Arugula, Satsuma, And Fennel Salad
- 2 satsuma or navel oranges
- 1/4 cup cider, golden balsamic or white wine vinegar
- 1/2 cup extra-virgin olive oil
- 1/2 teaspoon salt, or to taste
- 1/4 teaspoon freshly ground pepper, or to taste
- 1 (5-ounce) bag arugula, washed, stemmed, and spun dry
- 1 medium fennel bulb, quartered and sliced very thin (about 3 cups)
- 1 small sweet onion, sliced very thin (about 1/2 cup)
- Black or green olives, slivered
- Slice off top and bottom of each orange with a serrated fruit knife or sharp paring knife, removing some flesh with the peel, and reserve. With flat end of orange on a cutting board, cut off peel with a sawing motion from top to bottom, working all the way around oranges. Working over a bowl to collect juice, cut between membranes to separate orange segments, and set aside.
- Squeeze juice from orange tops, bottoms, and membranes into bowl (you should have about 1/2 cup), and strain into a saute pan. Add vinegar, and bring to a boil over medium-high heat. Reduce heat to low, and simmer until reduced to about 1/4 cup, about 7 minutes. Pour hot liquid into a bowl, and whisk in olive oil in a slow, steady stream. Stir in salt and pepper.

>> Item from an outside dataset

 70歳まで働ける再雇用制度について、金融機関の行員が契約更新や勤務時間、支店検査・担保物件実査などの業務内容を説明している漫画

- Toss arugula with fennel, onion, and 1/4 cup of dressing. Divide among 4 plates, and divide reserved orange segments among plates. Drizzle with additional dressing, and top with olives. Serve immediately.
satsuma, cider, extravirgin olive oil, salt, freshly ground pepper, arugula, fennel bulb, sweet onion, black
Taken from www.myrecipes.com/recipe/arugula-satsuma-fennel-salad (may not work)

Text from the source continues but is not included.